Task item -> Wherever a picture appears in the listing, leave it out, and copy the rest exactly.

** Data extract follows **

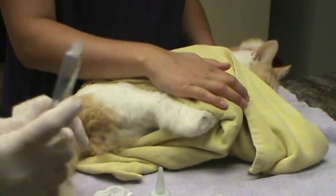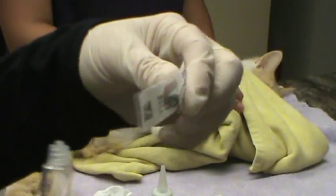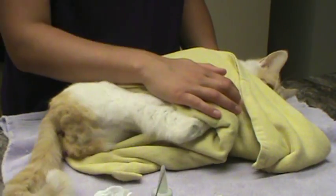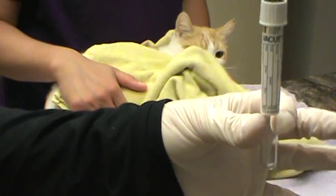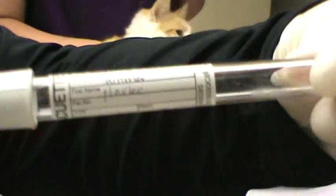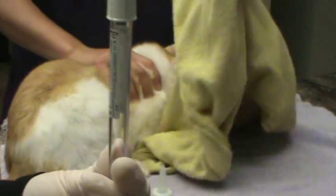We would take our sample here — if it was full of urine — connect it with our 22 gauge needle, and put the sample into our vacutainer that would be labeled with his name, which is Harley, and then we would store that sample properly in the refrigerator.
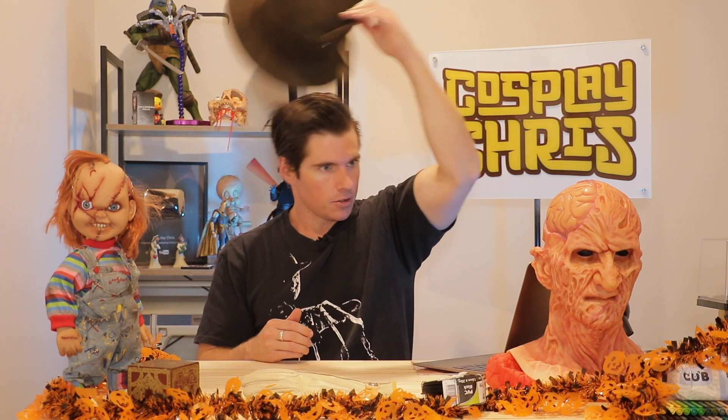Thank you so much for watching and thank you for putting up with me geeking out over some Freddy glove goodness. I hold this topic near and dear to my heart — it's my original bread and butter in prop making and I wouldn't be where I am without it, nor the amazing Mr. Krueger himself. Drop a comment below and let me know your thoughts on your favourite look of Freddy's infamous glove. Ghouls and ghoullets, wherever you are in the world, have yourselves an absolute cracker of a day. Until next time, please always remember — cosplayers do it best. Looks better on you, bucko.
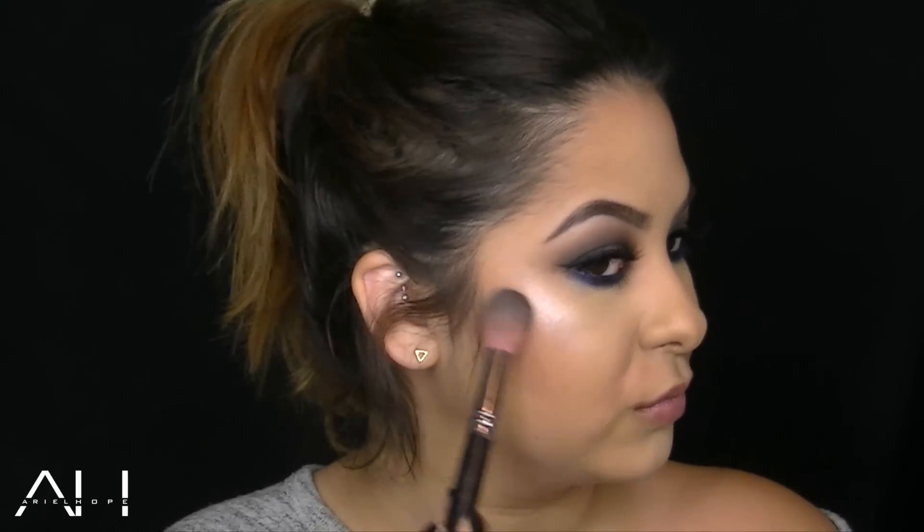This is the Buxom Highlighter Duo in French Vanilla and Portofino, and I'm going to spray my brush with some Fix Plus to intensify this highlight. I'm going to apply it to the tops of my cheekbones for a super intense highlight — you can see this highlight from like a mile away. I'm also going to apply that highlight on the side of my nose, then take the other side on the bridge of my nose and on my temples, because this highlight is a little bit softer. You can also apply it on your cupid's bow to make your lips look a little bit fuller.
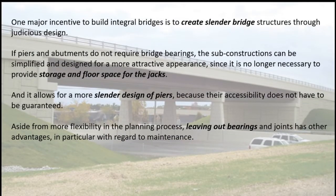One major incentive to build integral bridges is to create slender bridge structures through judicious design. If piers and abutments do not require bridge bearings, the sub-constructions can be simplified and designed for a more attractive appearance. Since it is no longer necessary to provide storage and floor space for jacks, it allows for a more slender design of piers because their accessibility does not have to be guaranteed. Leaving out bearings and joints has other advantages, in particular with regard to maintenance.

** End of Data extract **

Result of this task ->
We would take our sample here — if it was full of urine — connect it with our 22 gauge needle, and put the sample into our vacutainer that would be labeled with his name, which is Harley, and then we would store that sample properly in the refrigerator.
Thank you so much for watching and thank you for putting up with me geeking out over some Freddy glove goodness. I hold this topic near and dear to my heart — it's my original bread and butter in prop making and I wouldn't be where I am without it, nor the amazing Mr. Krueger himself. Drop a comment below and let me know your thoughts on your favourite look of Freddy's infamous glove. Ghouls and ghoullets, wherever you are in the world, have yourselves an absolute cracker of a day. Until next time, please always remember — cosplayers do it best. Looks better on you, bucko.
This is the Buxom Highlighter Duo in French Vanilla and Portofino, and I'm going to spray my brush with some Fix Plus to intensify this highlight. I'm going to apply it to the tops of my cheekbones for a super intense highlight — you can see this highlight from like a mile away. I'm also going to apply that highlight on the side of my nose, then take the other side on the bridge of my nose and on my temples, because this highlight is a little bit softer. You can also apply it on your cupid's bow to make your lips look a little bit fuller.
One major incentive to build integral bridges is to create slender bridge structures through judicious design. If piers and abutments do not require bridge bearings, the sub-constructions can be simplified and designed for a more attractive appearance. Since it is no longer necessary to provide storage and floor space for jacks, it allows for a more slender design of piers because their accessibility does not have to be guaranteed. Leaving out bearings and joints has other advantages, in particular with regard to maintenance.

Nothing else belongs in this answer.